The EGA standard, introduced in 1984, expanded on this with up to 16 colours at a resolution of 640 x 350. Once launched, an inexpensive PC clone that supported EGA graphics could produce better graphics than rivals at the time including the Commodore 64 and Apple II.
Both CGA and EGA send their signals as digital TTL, just like MDA and Hercules. The previously unused pins in the same 9-pin DSUB that was used by MDA/Hercules were now employed with CGA and EGA to transmit Red, Green and Blue colour and intensity information to the supporting monitor:
A CGA or EGA card's female 9-pin DSUB output connector and its pinouts
Note: Red 0, Red 1 and Green 1 are the "Primary" colour signals, whilst Red 0, Grn 0 and Blue 0 are the "Secondary" colour signals. The primary signals provide the actual colour whilst the secondary signals provide the "intensity" of the colour.
If you connect an EGA card to a CGA monitor it should work if the EGA card is outputting at the same scan rate as CGA (15.75 kHz) and the monitor isn't running pin two to ground which would short out the EGA card and potentially damage it. All EGA modes that support 200 lines operate at this lower scan frequency of 15.75 kHz. Most EGA cards have DIP switches on the side to set the monitor type.
VGA and Beyond
With the advent of the VGA graphics standard, the output of such graphics cards moved to analogue in order to support a seemingly infinite number of colours for display. If your graphics card has a 15-pin D-SUB female connector, it's outputting analogue RGB (Red, Green, Blue) signals. More specifically, they carry RGBHV (Red, Green, Blue, Horizontal Sync, Vertical Sync) signals. These connect to an "analogue" monitor, which accept these analogue RGB signals and convert them back into digital signals for display on-screen.

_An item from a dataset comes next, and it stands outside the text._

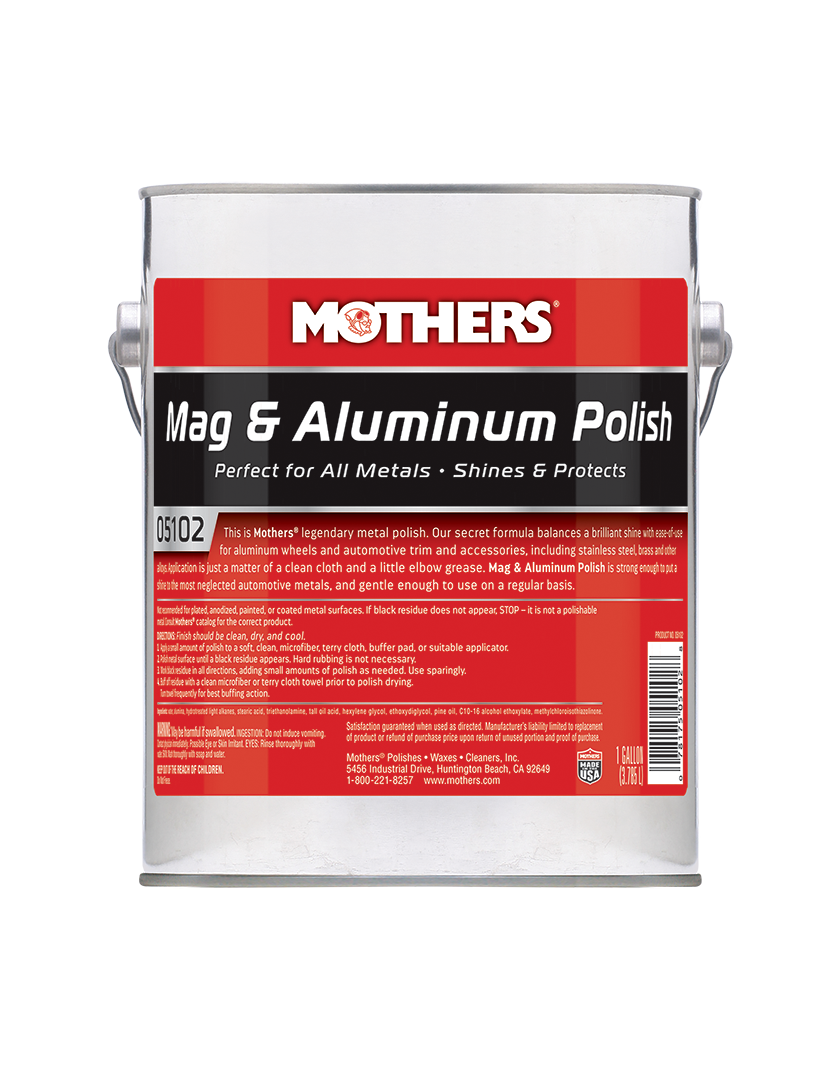 Mag & Aluminum Polish – Mothers® Polish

It's worth mentioning that mono VGA is different - it only needs 8 or 9 wires but the signalling is completely different to MDA (Mono TTL is 5V digital whereas VGA is 1V analogue).

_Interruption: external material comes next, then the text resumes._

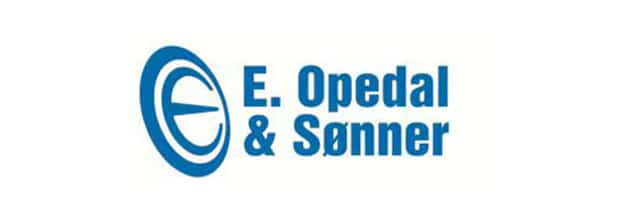 Logoen til E. Opedal & Sønner - Quality Products & Services AS - Fugetjenester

A VGA monitor's female 15-pin DSUB output connector and its pinouts
Monitors and Connectors
Monitors typically accept either digital or analogue signals - not both!
An exception to this was some of the early multisync monitors including the NEC Multisync 3D. This could switch between analogue and digital and so was able to support MDA, CGA, EGA (all digital) as well as VGA (analogue) signals coming in. Later multisync monitors supported only analogue [VGA] signals - the purpose of these was to display different screen resolutions at different refresh rates (frequencies).

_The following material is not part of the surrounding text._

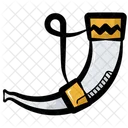 Cuerno Vikingo Vikingo Cuerno Icon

Some digital TTL monitors have a DIN socket, so a cable with a 9-pin D-SUB [male] on the graphics card end goes to a DIN plug on the other.
The table below provides a list of the specifications of each display type and what the expected monitor's capabilities need to be:
Display | Signals | Connector(s) | Monitor Horizontal Frequency | Monitor Vertical Frequency | Resolutions/Colours |
---|---|---|---|---|---|
MDA | Digital TTL | DE-9 (9-pin DSUB) | 18.432 kHz | 50 Hz | 720 x 348 |
HGC | Digital TTL | DE-9 (9-pin DSUB) | 18.432 kHz | 50 Hz | 720 x 348 |
CGA | Digital TTL (4-bit RGBi) |
DE-9 (9-pin DSUB) or RCA | 15.75 kHz | 60 Hz | 320 x 200 in 4 colours 640 x 200 in 2 colours 160 x 100 in 16 colours (see note 1) |
EGA | Digital TTL |
DE-9 (9-pin DSUB) | 15.75 kHz (200-line modes) or 21.8 kHz (350 line modes) | 60 Hz | 640 x 350 in 16 colours |
MCGA | Analogue | DE-15 (15-pin DSUB) | 31.5 kHz | 50-85 Hz | 320 x 200 in 256 colours 640 x 480 in 2 colours |
VGA | Analogue | DE-15 (15-pin DSUB) | 31.5 kHz | 50-85 Hz | 320 x 200 in 256 colours 640 x 480 in 16 colours |
SVGA | Analogue | DE-15 (15-pin DSUB) | 800 x 600 in 256 colours |
TTL stands for "Transistor-Transistor Logic" - basically a digital signalling system which sends and receives -5V or +5V signals to indicate the logic level of 0 or 1.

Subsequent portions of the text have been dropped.